Nichts gegen schwangere Hausfrauen. Trotzdem: Es sind nicht sie, die einem einfallen, wenn man Martha Argerich zuhört, dieser großen Ungeduldigen. Würde sie schreiben statt spielen, ihre Linien würden grooven, die Buchstaben einander jagen. Hastig gekritzelt sähe das nicht aus. Eher so, als würde da jemand erst in Bewegung zur Ruhe kommen, auf der Flucht zu sich selbst finden.
Es gehört zu den vielen Widersprüchen dieser Pianistin, dass sie, die erklärtermaßen immer noch unter schlimmem Lampenfieber leidet, die Konzerte noch häufiger cancelt als einst ihr superskrupulöser Lehrer Arturo Benedetti Michelangeli – dass ausgerechnet sie am Flügel sitzt, als sei das der natürlichste Ort der Welt: aufrecht, unverkrampft, cool.
Ob Sie es als Frau im Konzertleben schwerer habe, wurde die fünfundzwanzigjährige Martha Argerich einmal gefragt. Und: Ob man ihr weniger zutraue als den männlichen Kollegen. Argerichs vernügt vorgetragene, aber ernüchternde Antwort: "Ja, und das ist sehr schlimm, finde ich!"

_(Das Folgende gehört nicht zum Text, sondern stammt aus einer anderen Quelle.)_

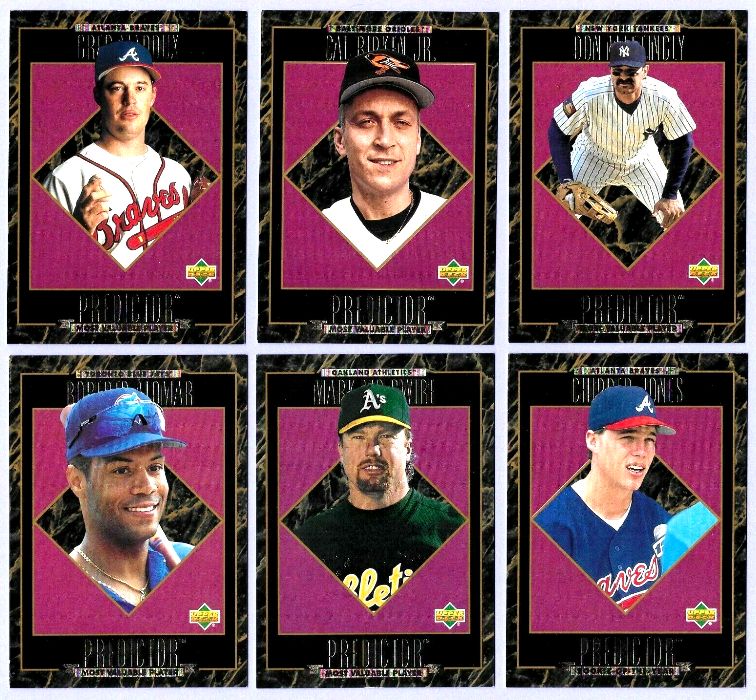 1995 Upper Deck - PREDICTOR Award Winners - Complete S2 Set (#H21-40) Baseball cards value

Argerich konnten solche Vorurteile nichts anhaben. Dass sie als einzige Frau im Klavierkaiser'schen Kanon der vorgeblich besten Pianisten des 20. Jahrhundert auftaucht, kann man als Beleg für den Sexismus in der Klassik nehmen. Es zeigt aber auch, wie unmöglich es war und ist, an ihr vorbeizukommen. Sie ist schlicht konkurrenzlos. Und räumt dabei auch mit Genderklischees auf.

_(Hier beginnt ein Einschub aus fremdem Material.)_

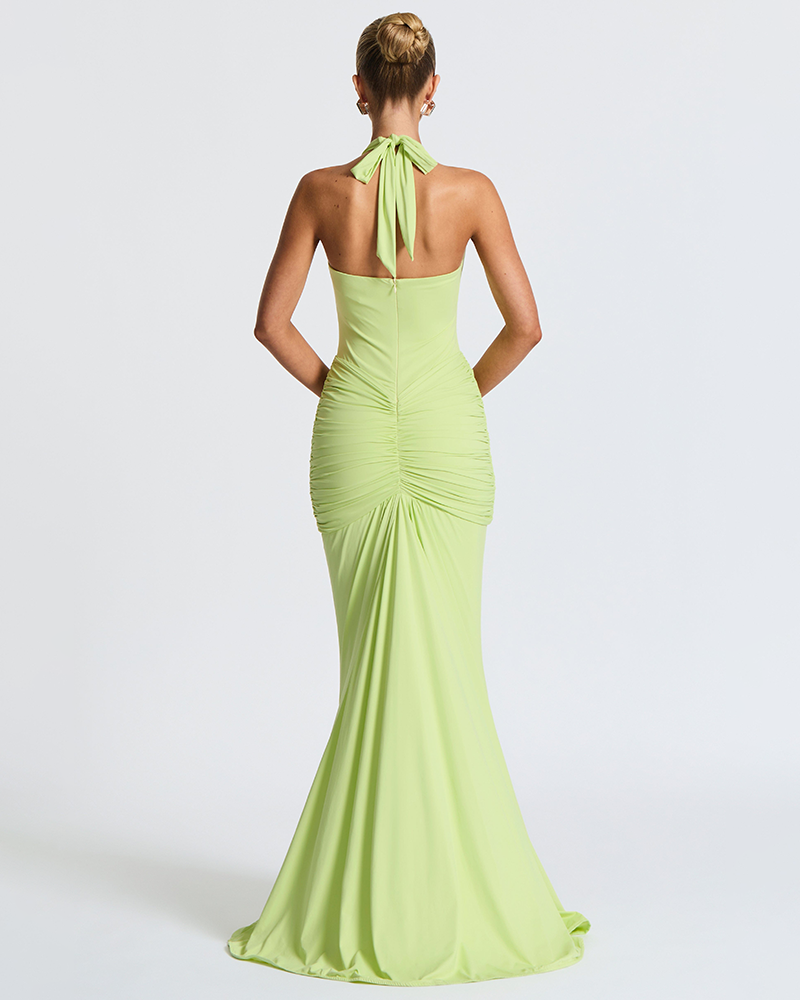 Ribbon Flow Evening Dress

Das Weiche, Verschleierte ist nicht ihr Ding. Ihre Anschlagstechnik – mehr Schlagtechnik. Verzärtelt wird das Klavier unter ihren Händen garantiert nicht. Scharf, manchmal schneidend ist der Sound, den sie aus dem Kasten holt. Fast unwirsch, schnoddrig ihre Gestik. Nicht umsonst hat sich die oft als schüchtern und mädchenhaft beschriebene Argerich den Beinamen einer Löwin verdient – einer Löwin, die sowohl in Sachen Mähne als auch in Sachen Tempo die männlichen Kollegen deutlich deklassiert.
Impulsiv und introvertiert, zerbrechlich und souverän zugleich: Martha Argerich bleibt die große Ambivalente der Klavierwelt. Die letzte Sphinx. Eine, die zeigt, dass der Wiederholungssport klassische Musik auch ein Abenteuer sein kann. Am 5. Juni wird die tollste Pianistin der Welt 80 Jahre alt.